Father looked at Fwerp, huddled pathetically on her chest. 'He does not remember me.'
'He was only a baby then,' Leia said, looking at Fwerp with adoration. 'You can hardly blame him. Most human babies don't remember people they've met.'
Father stretched out his hand. Leia was vaguely aware of a soothing, simple energy brushing her by, and settling onto Fwerp. His fright was gone at once.

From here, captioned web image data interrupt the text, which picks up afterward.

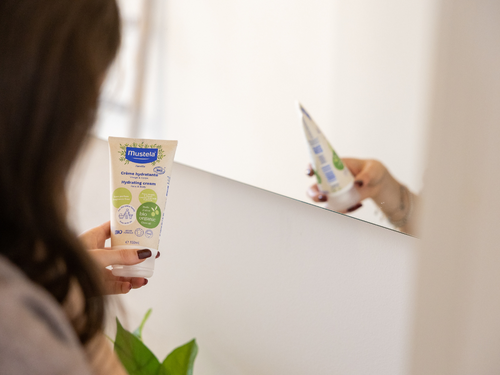 Special pack MyBioExperience - Acqua micellare + Crema idratante certificati bio - Premio MyMustela - Mustela Italia - 2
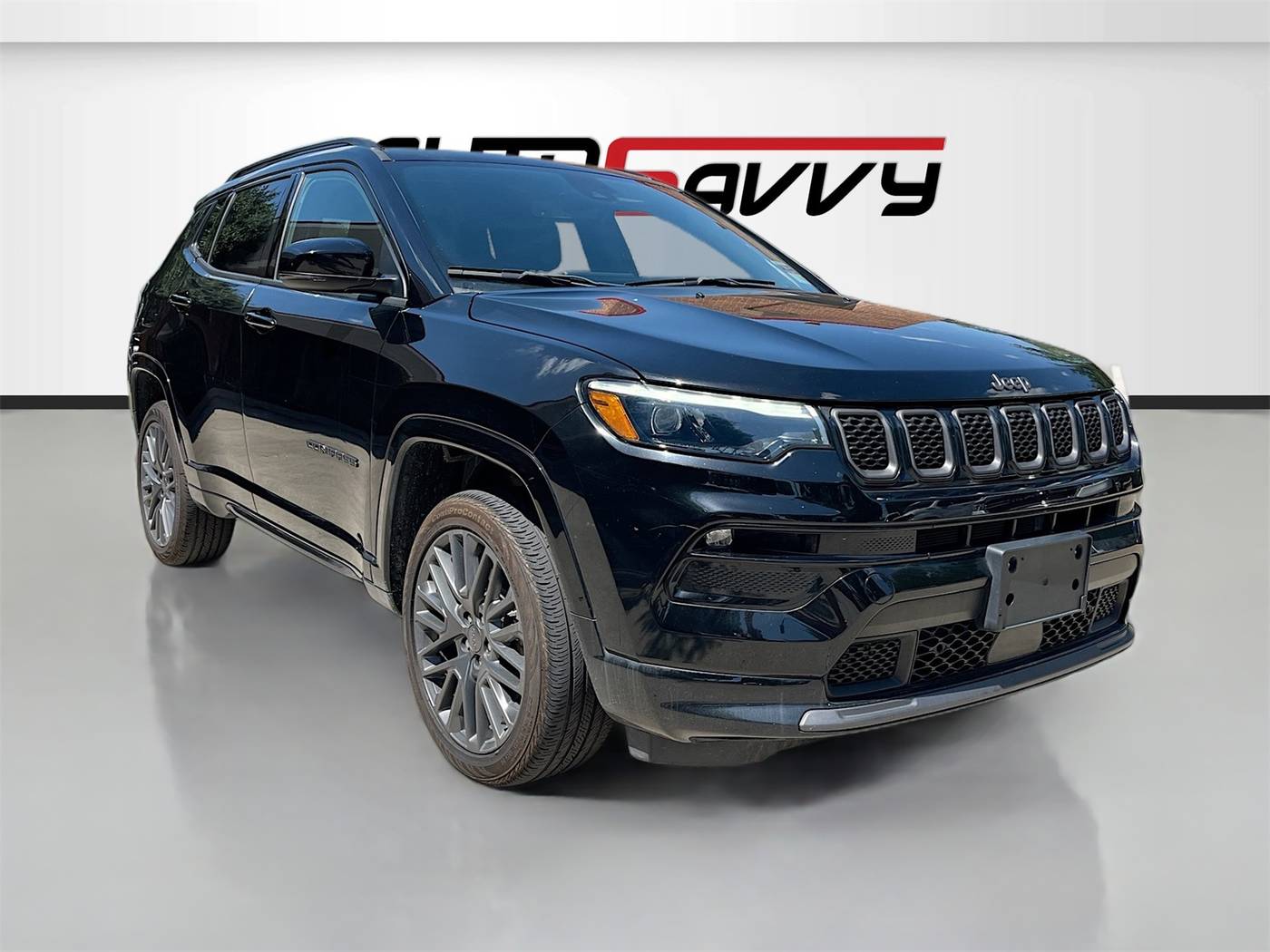 2023 Jeep Compass High Altitude — SUV — 13,220 mi — Richardson, TX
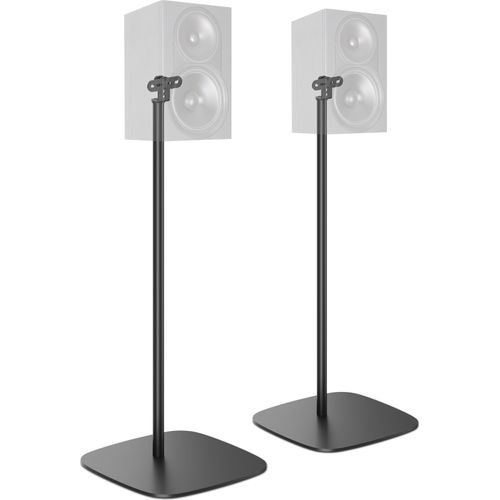 2x universeller premium Lautsprecherständer Boxenständer Xantron® PREMIUM-USF-2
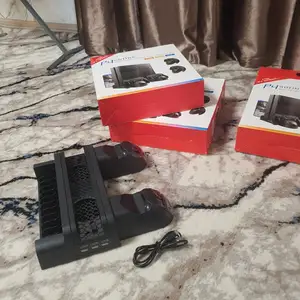 Кулер для Sony PS4 Pro, Хуҷанд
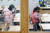 2일 오전 경기도 수원시 한 초등학교에서 신종 코로나바이러스 감염증(코로나19) 확산에 따른 개학 연기로 운영되는 긴급돌봄교실 신청 학생이 마스크를 쓴 채 앉아 있다. 뉴스1
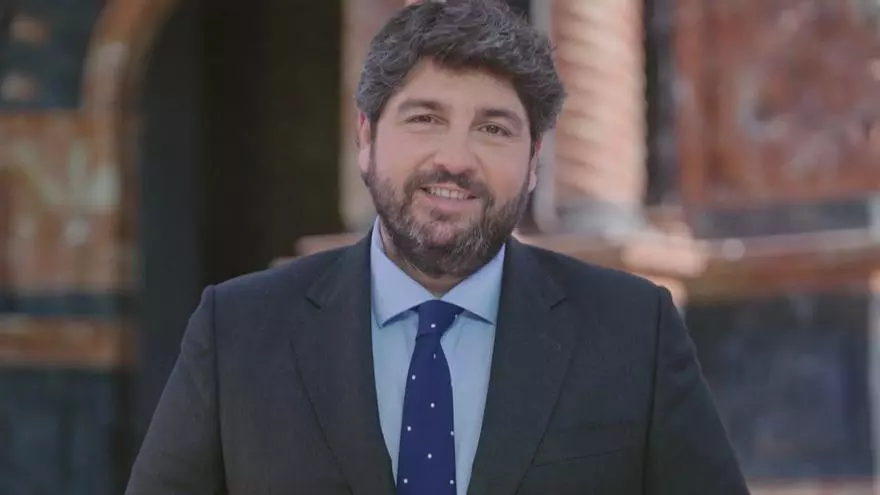 Mensaje institucional de Fernando López Miras con motivo de Año Nuevo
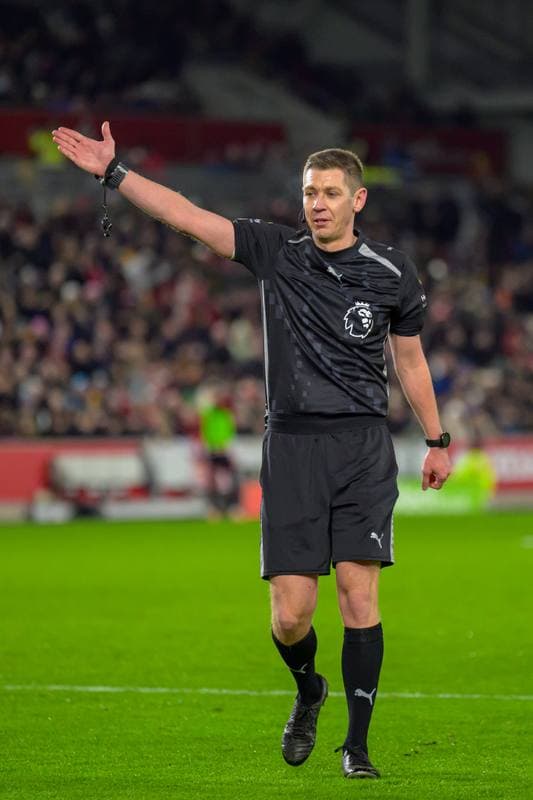 Football. Premier League. Brentford - Sunderland. 07.01.2026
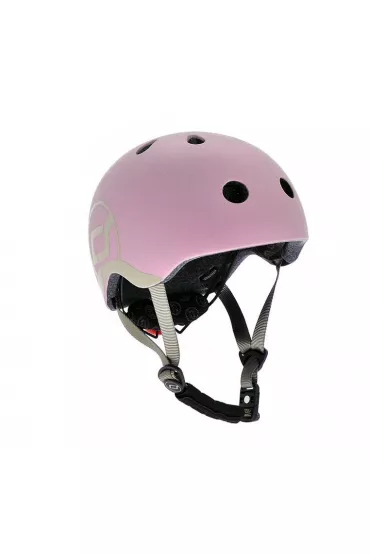 Kask XXS-S dla dzieci 1-5 lat Rose Scootandride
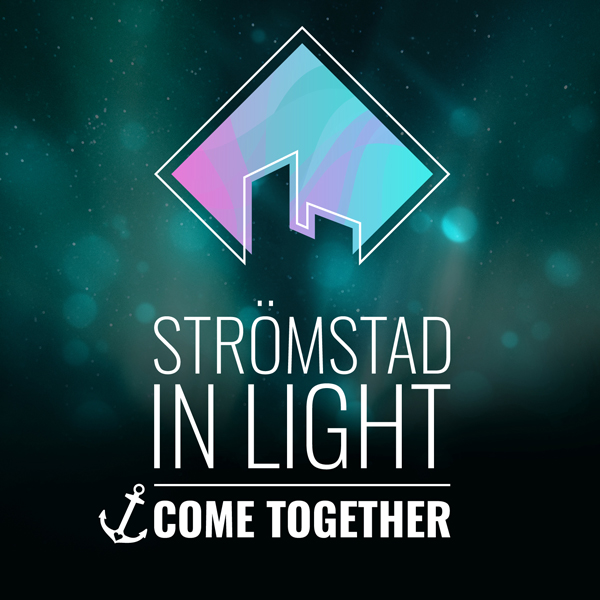 Logo Strömstad inLight.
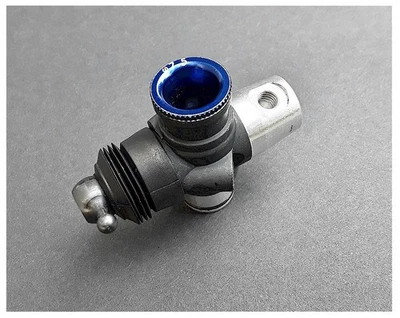 Vintage RC 1/8 Sportwerks Carburetor Mayhem Turmoil Losi w/7.5 Venturi New C-PIX - Image 1 of 4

'Hey!' Leia said in astonishment, looking at Fwerp, who was dead asleep. 'That's not fair, I didn't get to tell him good night!'
'He will wake when I am gone,' Father said. 'Which will be very shortly. Good night, Leia.'
'Good night, Father,' Leia said fondly. 'I'm glad you're home.'
Father looked around her room--it had grown far more organised since he'd been home last, with the pink walls finally a practical white, the lace curtains forever banished, and her desk nearly as spartan as his own. Leia sensed his approval, although he only breathed.
'I will be in my study,' he said, and then backed out the door, turning off the light. The door hissed shut behind him.
Leia sighed into the darkness. That was Father's way?he never directly said when something pleased him, unless it had to do with her speeder or his TIE. Still, she she was glad he was home. It had been dull with him gone.
Fwerp breathed steadily on her chest, his little form rising and falling with her own. Leia smiled, and brought him back to her pillow.
All in all, she thought, it hadn't been the worst of days.